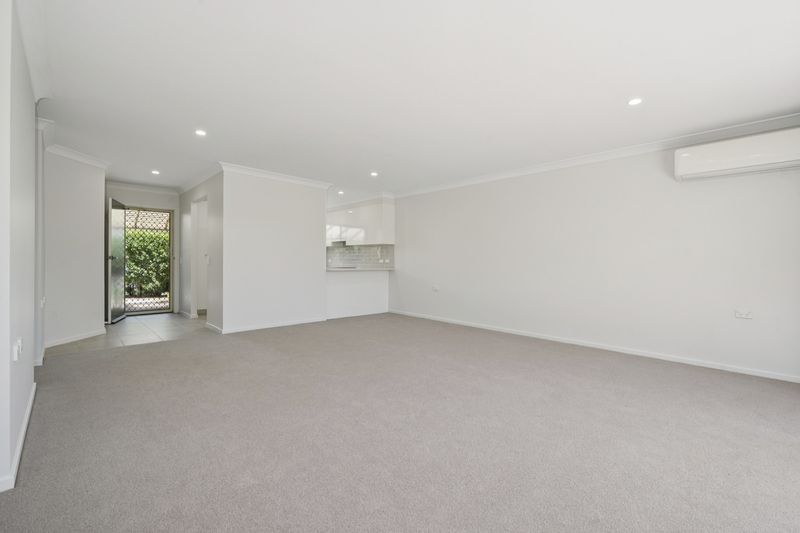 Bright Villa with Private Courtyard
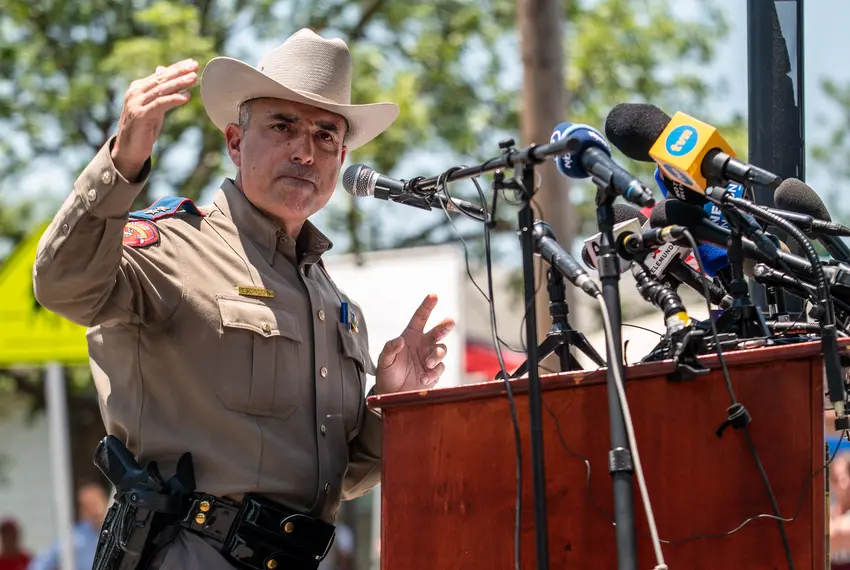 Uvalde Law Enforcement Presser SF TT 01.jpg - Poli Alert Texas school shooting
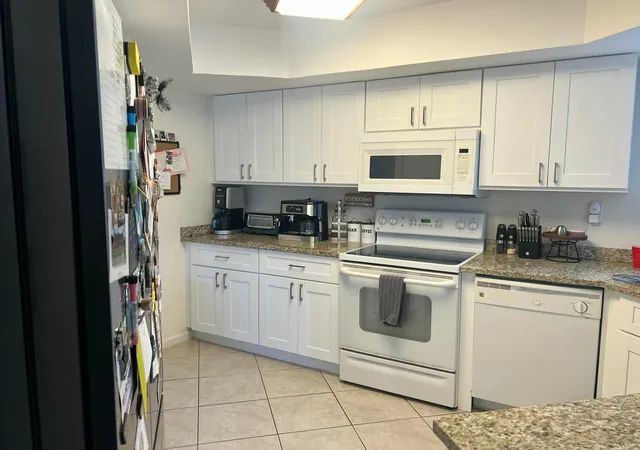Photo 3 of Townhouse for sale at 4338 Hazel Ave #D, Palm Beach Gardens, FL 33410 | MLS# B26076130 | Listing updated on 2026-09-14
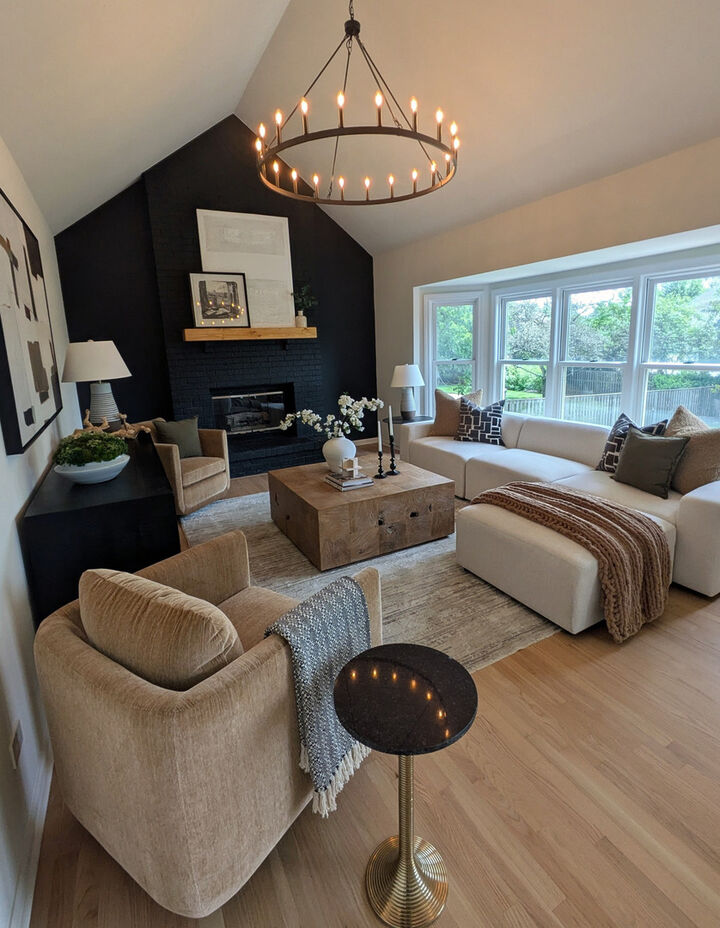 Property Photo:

|---|

◆ Activity ◆
Given the listing above, return exactly, and only, the lines from the line with "Uvalde Law Enforcement" through its final line, both included, with the pictures removed.

◆ Response area ◆
 Uvalde Law Enforcement Presser SF TT 01.jpg - Poli Alert Texas school shooting
Photo 3 of Townhouse for sale at 4338 Hazel Ave #D, Palm Beach Gardens, FL 33410 | MLS# B26076130 | Listing updated on 2026-09-14
 Property Photo:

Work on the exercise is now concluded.